Monday, January 21, 2008

Movie review – “The Invisible Ray” (1936) ***

Third of the Karloff-Lugosi teamings isn’t as highly regarded by buffs because it isn’t pure horror but it is definitely part horror with Boris Karloff going mad and on a killing rampage.
He plays a scientist who becomes infected by a mineral obtained on an expedition to Africa – he starts killing off expedition members one by one and you realise the writers had the King Tut expedition curse very much in mind. Lugosi plays a good doctor who wants to use the mineral for the Right Reasons and he gives an accomplished performance – Lugosi always made an interesting hero because, with his dark looks and Hungarian accent, he looked evil. Karloff goes mad well and has an interesting relationship with his devoted mother.
A bit yucky is the subplot where Karloff’s much younger, prettier wife, Frances Drake, falls in love with a younger scientist (wimpy Frank Lawton) and ends up marrying him.

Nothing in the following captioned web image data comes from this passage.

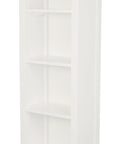 Tasmania 1 Drawer Solid Mahogany Timber Bookcase (White)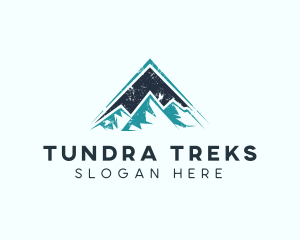 Mountain Trekking Adventure logo design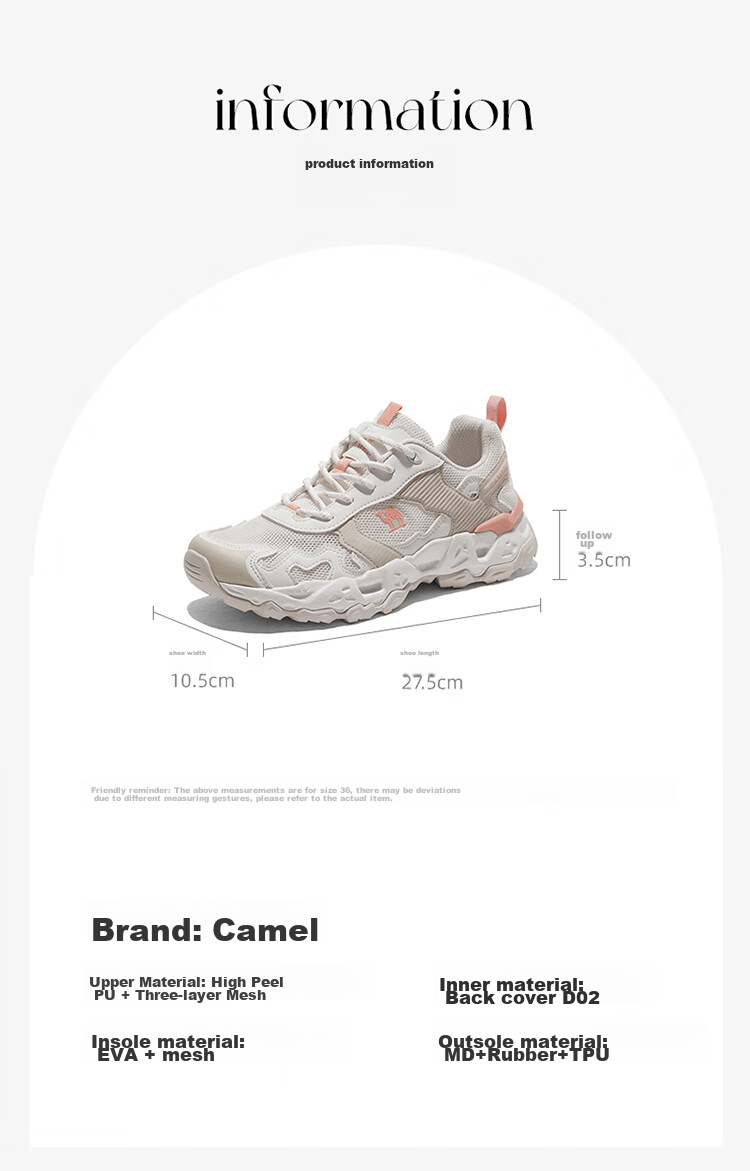CAMEL [Moyan] Outdoor Hiking Shoes, Breathable, Non-Slip, Wear-Resistant, Sports Climbing Footwear for Men And Wome 22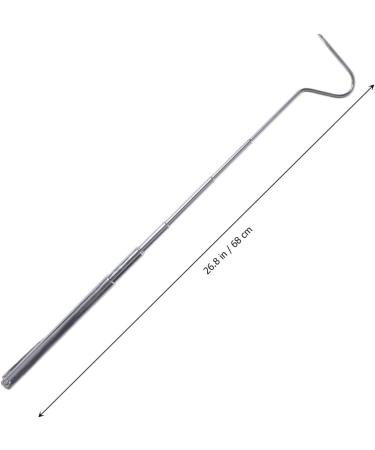 Cabilock Collapsible Snake Grabber Stick - Professional Stainless Steel, Extendable 68cm, for Reptile Handling, Home Garden and Outdoor Use - Buy Online on GoSupps.com
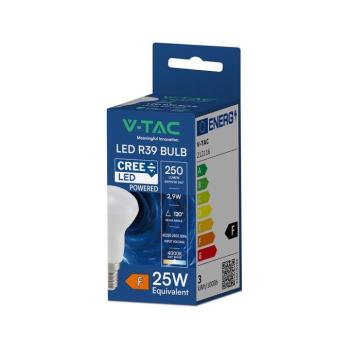 V-TAC CREE SMD 2.9W E14 természetes fehér R39 LED égő - SKU 212116 kép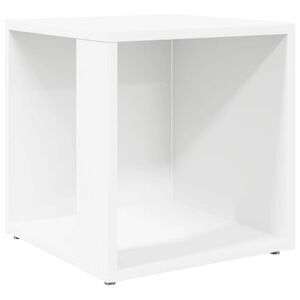 vidaXL Bijzettafel 33x33x34,5 cm bewerkt hout wit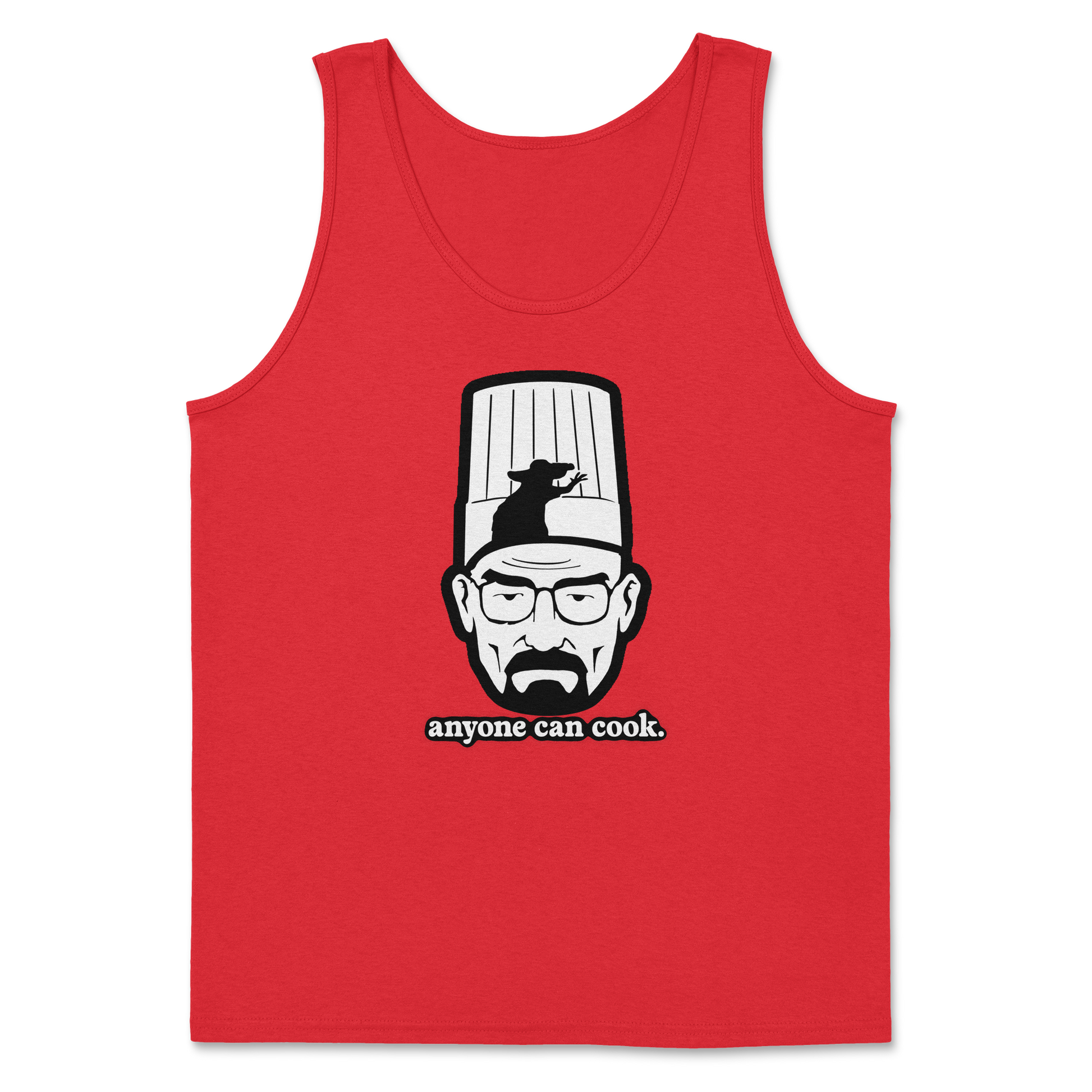 Heavy Blend Tank Top Everyone Can Cook in Red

This is one of the most sympathetic treatments of a woman leaving her elderly husband while he’s still alive – I guess it was OK even under the Production Code because Karloff turns into a killer. But it doesn’t quite work because Drake looks like a bit of a tramp and Lawton comes across as a buck tooth loser. So you kind of wish either one of them bought the farm at the end instead of Lugosi. This is polished work, lacking the lunatic brilliance of Black Cat or Raven but a lot more logical than either (NB I admit I am talking relatively here).